[DIRECTIONS]
Copy verbatim the span of lines beginning at the line that contains "2005 Chevrolet TrailBlazer" and ending with the final line of the data. Exclude pictures from the copy.

[DATASET SECTION]
=-=-=-=-=

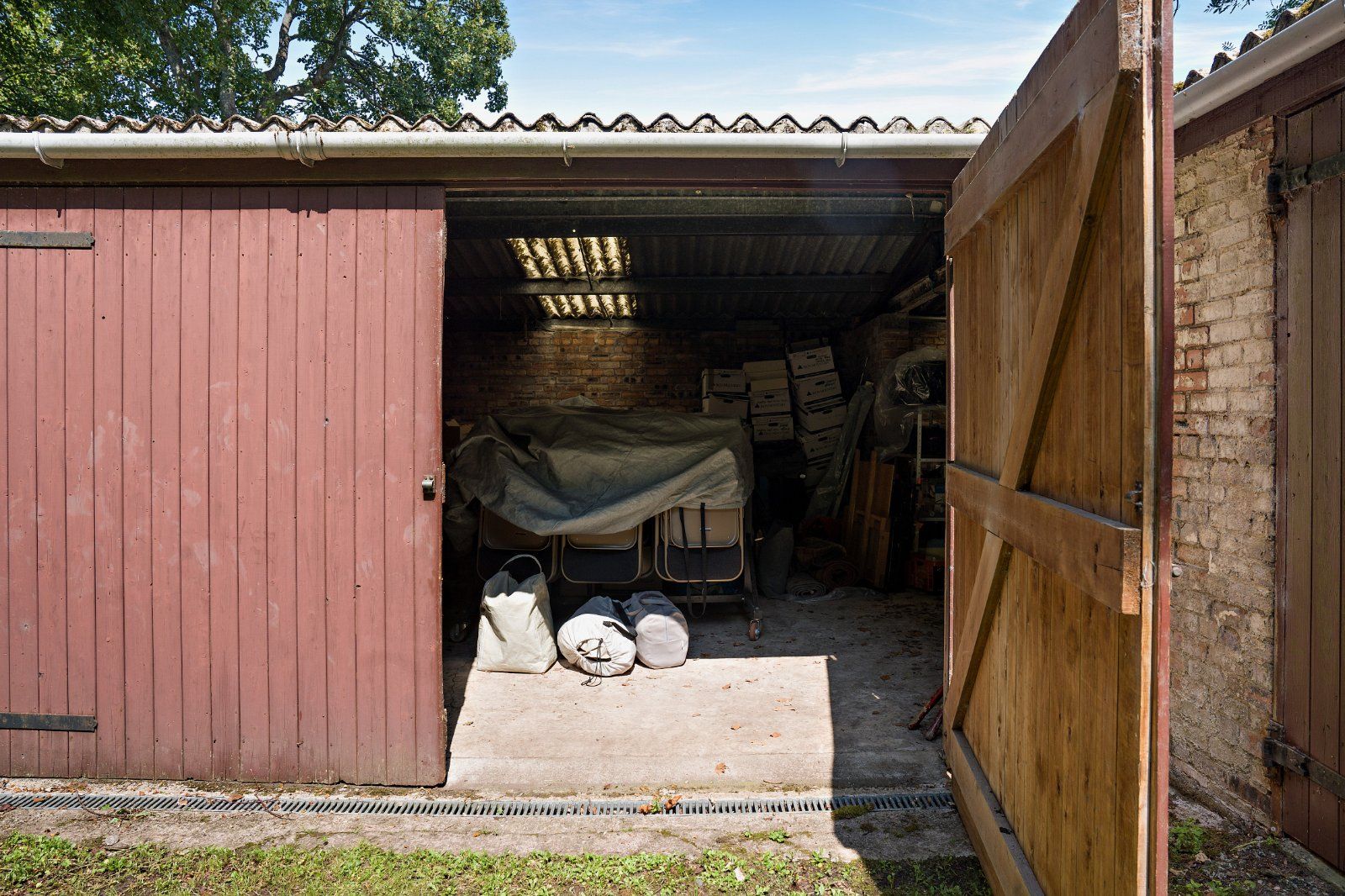 Double Garage &store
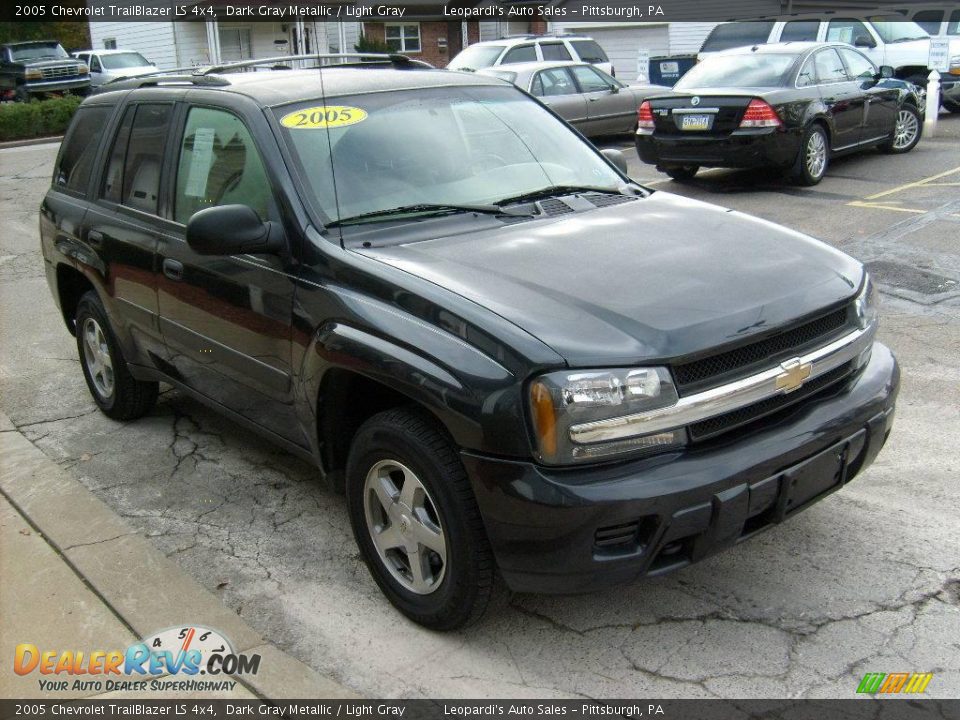 2005 Chevrolet TrailBlazer LS 4x4 Dark Gray Metallic / Light Gray Photo #6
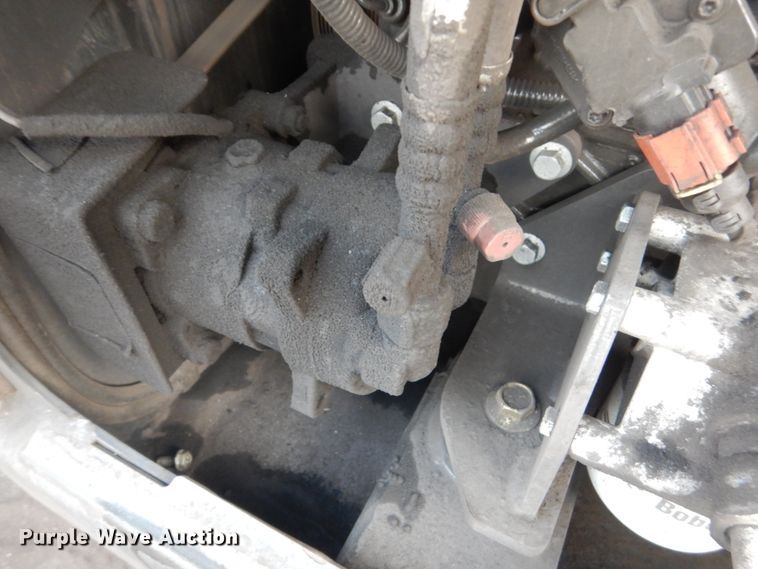 image for item HI9915 2018 Bobcat V519  telehandler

=-=-=-=-=

[RESPONSE FOR THIS EXERCISE]
 2005 Chevrolet TrailBlazer LS 4x4 Dark Gray Metallic / Light Gray Photo #6
 image for item HI9915 2018 Bobcat V519  telehandler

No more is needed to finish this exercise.